Peut-être est-ce la raison pour laquelle nous voyons un soutien si étendu à la résistance armée. Peut-être est-ce simplement une réponse à l’accroissement par Israël d’une politique déjà violente d’apartheid. De toutes façons, l’action armée semble prendre un rôle plus prépondérant dans la résistance palestinienne et il sera important pour les défenseurs des droits des Palestiniens d’être prêts à défendre ces actions partout où nous le pouvons.

Il est bon de rappeler les mots de Ta-Neshi Coates à cet égard. En 2013, Coates a écrit : « …même les mots que nous utilisons face aux mouvements de liberté qui utilisent la violence sont inconséquents. Mandela et l’ANC étaient ‘terroristes’. Les révolutionnaires hongrois de 1956, l’Alliance du Nord opposée aux Talibans, les Libyens opposés à Gaddafi étaient des ‘combattants de la liberté’. Les espoirs de Thomas Friedman dans un ‘Mandela Arabe’ à un moment, et disant dans la foulée à ces mêmes Arabes de ‘s’asseoir là-dessus’.

La question n’est pas que la non-violence est une blague, mais que c’est une blague quand elle est invoquée par ceux qui gouvernent par les armes. »

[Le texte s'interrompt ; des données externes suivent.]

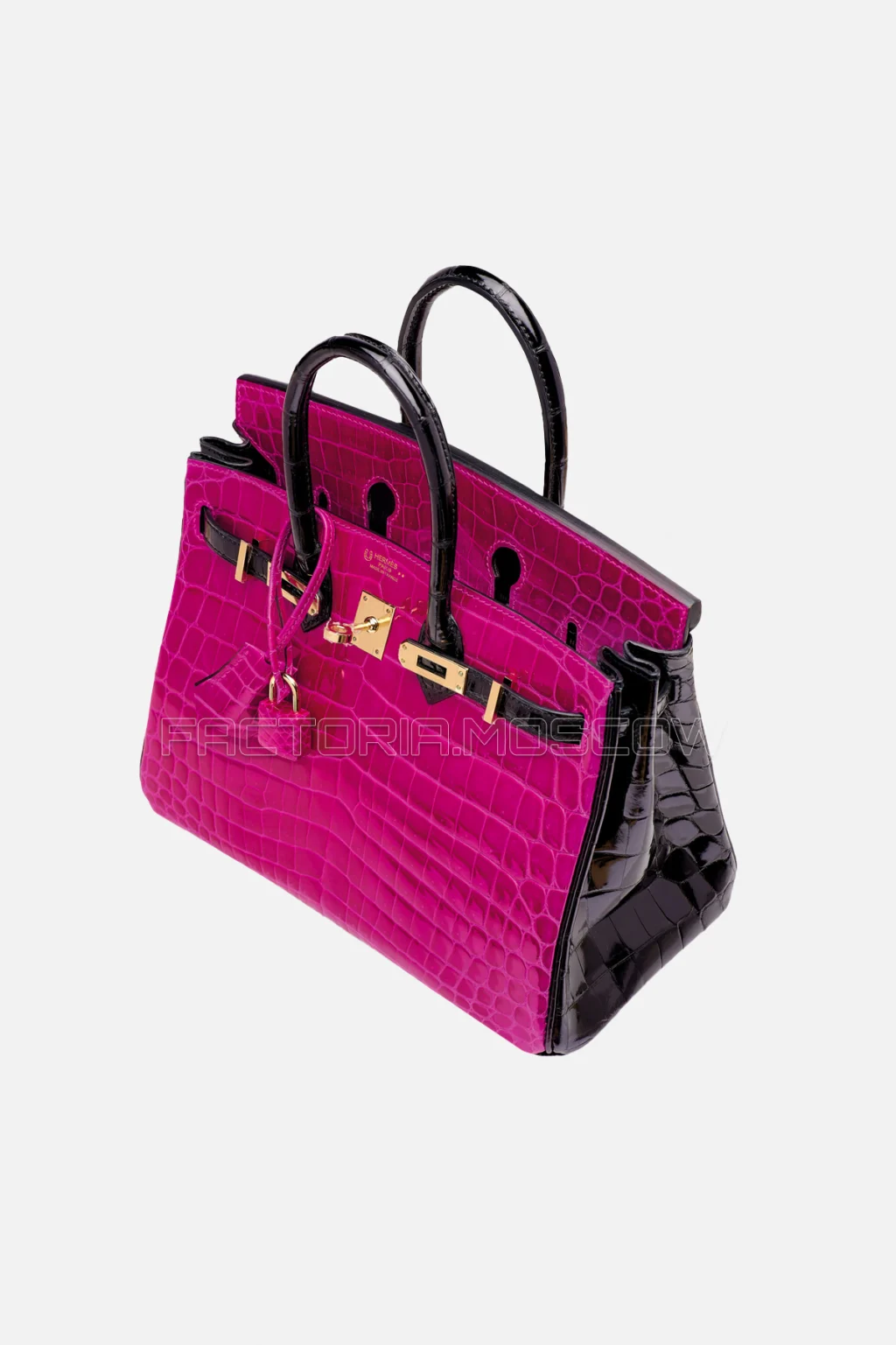 Hermes HSS Birkin 25 Shiny Rose Sheherazade/Black Niloticus Crocodile GHW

Nous devons rappeler aux gens combien ils sont enthousiastes pour armer l’Ukraine, ou, en réalité, combien nous faisons l’éloge de notre propre histoire de révolution violente. Parce que beaucoup de ces mêmes personnes sont susceptibles de condamner les Palestiniens pour lever une main contre leurs oppresseurs, exactement comme tant d’entre eux ont condamné Mandela il y a des dizaines d’années.

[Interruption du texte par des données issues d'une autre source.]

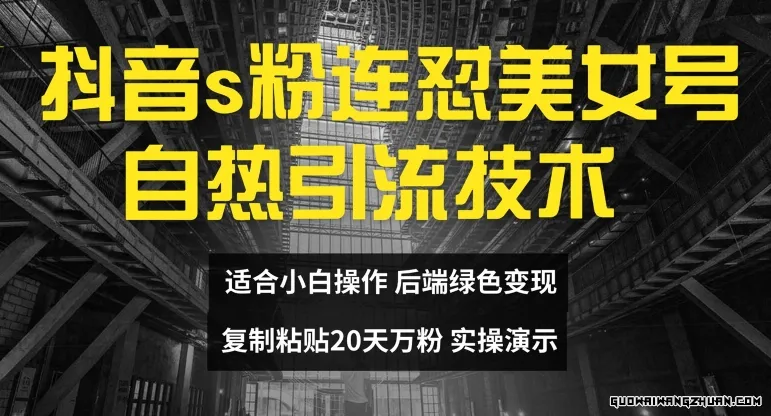 抖音S粉连怼美女号自热引流技术复制粘贴，20天万粉账号，无需实名制，矩阵操作【揭秘】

Si souvent, ces gens ont demandé : « où est le Mandela palestinien ? » Bon, quand le président de l’Afrique du Sud de l’Apartheid, P.W. Botha, a offert la liberté à Mandela s’il renonçait à la violence, il a répliqué : « Qu’il renonce à la violence. Je ne peux pas vendre mon droit de naissance, et je ne suis pas non plus préparé à vendre le droit de naissance des gens pour être libre. »

C’est la même chose pour les Palestiniens.

L’utilisation de la violence est une tragédie, dans tous les cas. Mais c’est encore plus tragique de ne l’autoriser qu’à l’oppresseur tout en l’interdisant à l’opprimé.